_Problem to work on_
Starting at the line with "Vinculaciones societarias de TAMIA SL" and ending at the line with "CarlosAGarciaTo's profile picture.", print exactly the lines of the entries below. Pictures do not belong in the copy.

_Records to process_
━━━━

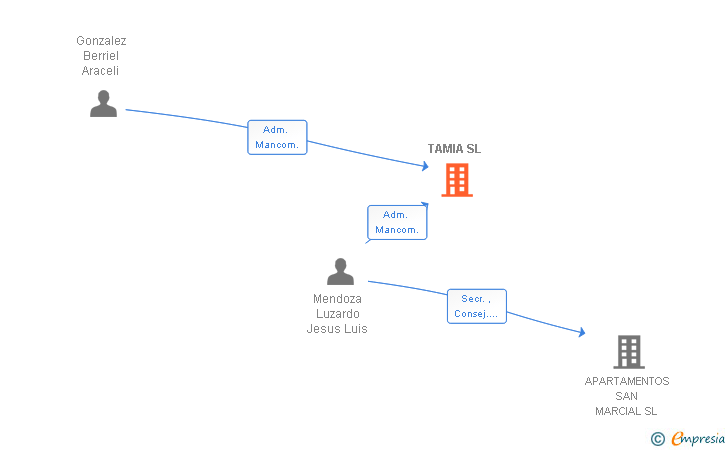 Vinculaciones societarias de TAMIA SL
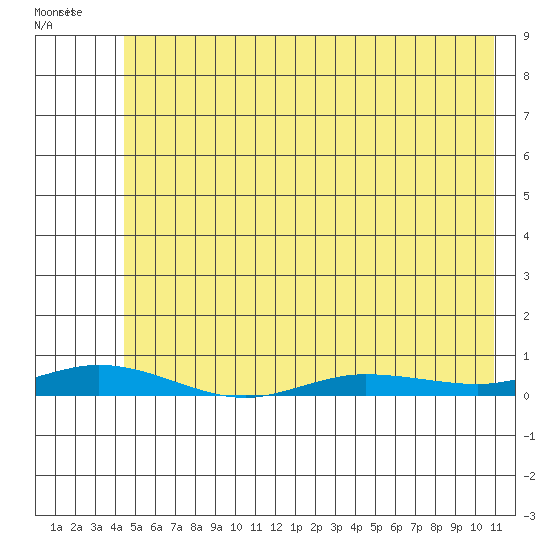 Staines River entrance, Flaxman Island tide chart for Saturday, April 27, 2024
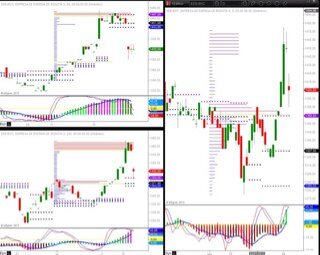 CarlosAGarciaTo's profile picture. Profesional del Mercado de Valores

━━━━

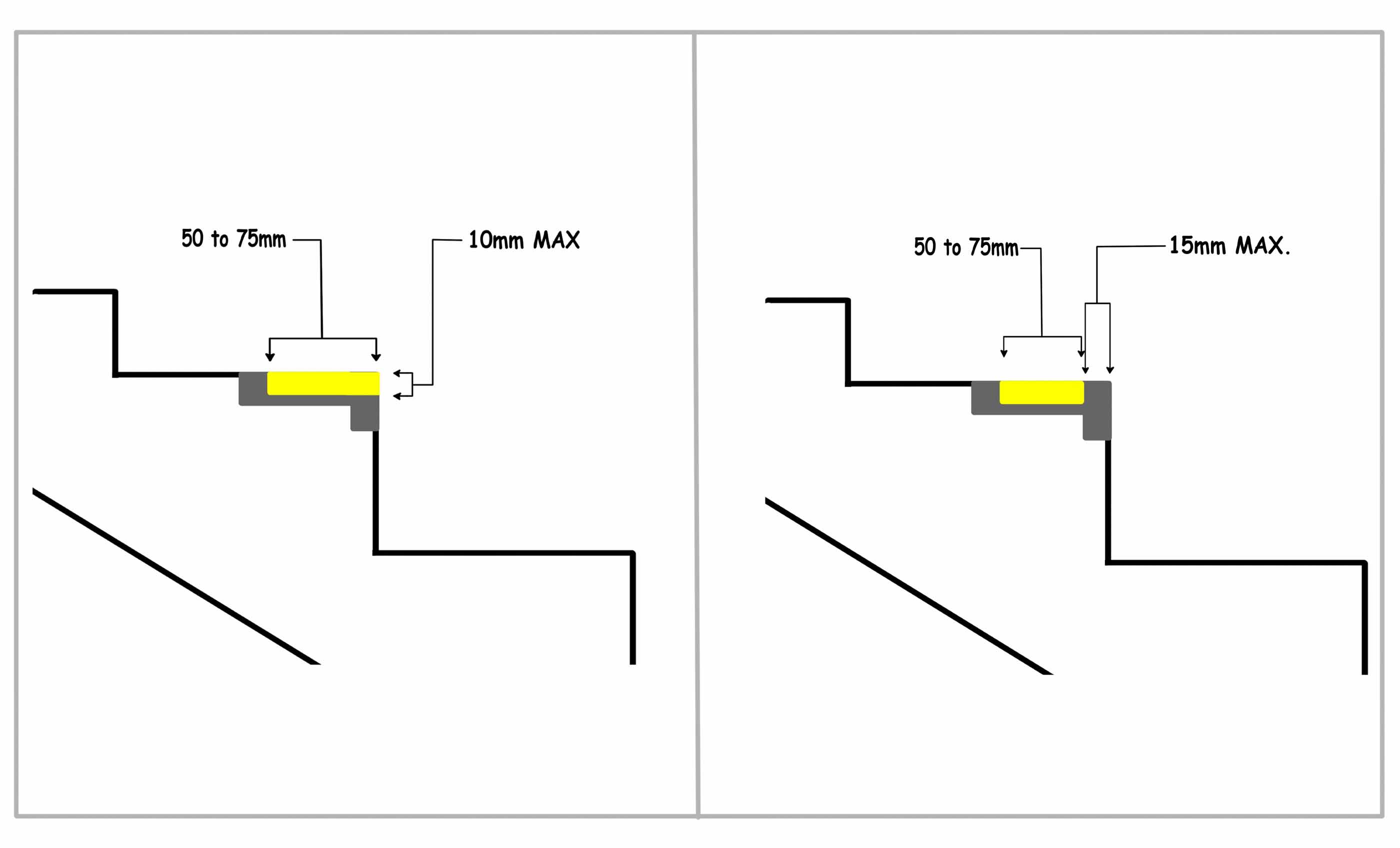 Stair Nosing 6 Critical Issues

━━━━

_Task response_
 Vinculaciones societarias de TAMIA SL
 Staines River entrance, Flaxman Island tide chart for Saturday, April 27, 2024
 CarlosAGarciaTo's profile picture. Profesional del Mercado de Valores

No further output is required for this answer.